Re: BLOB updates -> database size explodes

From: Stephen Scheck <singularsyntax(at)gmail(dot)com>
To: Dimitar Misev <dimitarmisev(at)gmail(dot)com>
Cc: pgsql-general(at)postgresql(dot)org
Subject: Re: BLOB updates -> database size explodes
Date: 2013-05-29 22:49:29
Message-ID: CAKjnHz1V+SK7hHPgA8FHKDuo7PMekCui3=jevbYgGGJr05dX+Q@mail.gmail.com
Views: Raw Message | Whole Thread | Download mbox | Resend email
Thread:
Lists: pgsql-general

This is just a guess (I haven't dug into the low-level page/disk access
Postgres code for Large Objects yet but if I'm right, the LO-based project
I'm working on will likely face the same issues you're seeing), but LOs
enjoy transactional behavior just like anything else (as far as I can tell
from my testing) and so are subject to MVCC effects.

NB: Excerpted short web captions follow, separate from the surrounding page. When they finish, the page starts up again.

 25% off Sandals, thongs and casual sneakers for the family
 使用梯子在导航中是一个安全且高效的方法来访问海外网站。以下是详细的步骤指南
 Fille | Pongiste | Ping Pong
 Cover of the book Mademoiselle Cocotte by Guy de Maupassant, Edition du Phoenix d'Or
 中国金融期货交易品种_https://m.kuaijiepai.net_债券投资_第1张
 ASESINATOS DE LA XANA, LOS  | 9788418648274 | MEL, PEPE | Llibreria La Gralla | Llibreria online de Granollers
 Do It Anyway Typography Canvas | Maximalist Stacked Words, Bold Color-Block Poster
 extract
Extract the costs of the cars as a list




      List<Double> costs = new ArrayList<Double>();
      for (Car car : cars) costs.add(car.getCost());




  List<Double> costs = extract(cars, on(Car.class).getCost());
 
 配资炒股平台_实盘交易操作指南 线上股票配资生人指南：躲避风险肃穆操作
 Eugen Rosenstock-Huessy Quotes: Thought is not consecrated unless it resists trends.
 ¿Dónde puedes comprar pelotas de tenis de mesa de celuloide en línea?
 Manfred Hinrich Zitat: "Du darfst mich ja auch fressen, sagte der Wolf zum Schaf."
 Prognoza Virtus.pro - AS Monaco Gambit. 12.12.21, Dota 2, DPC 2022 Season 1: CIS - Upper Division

Since LOs are opaque
to Postgres and it can't infer anything about their structure, even
flipping a single bit in a LO causes whatever page that bit maps to be
marked invalid (as if the page corresponded exactly to one row in a normal
table), and the page copied to a new one along with your change(s).

If this hypothesis is correct, doing a vacuum should free up dead pages and
your size expectations should be more accurate. And if that's the case
putting more intelligence into the application could mitigate some of the
update growth (predicting what page temporally similar updates will go to
and grouping them into a single transaction, for instance).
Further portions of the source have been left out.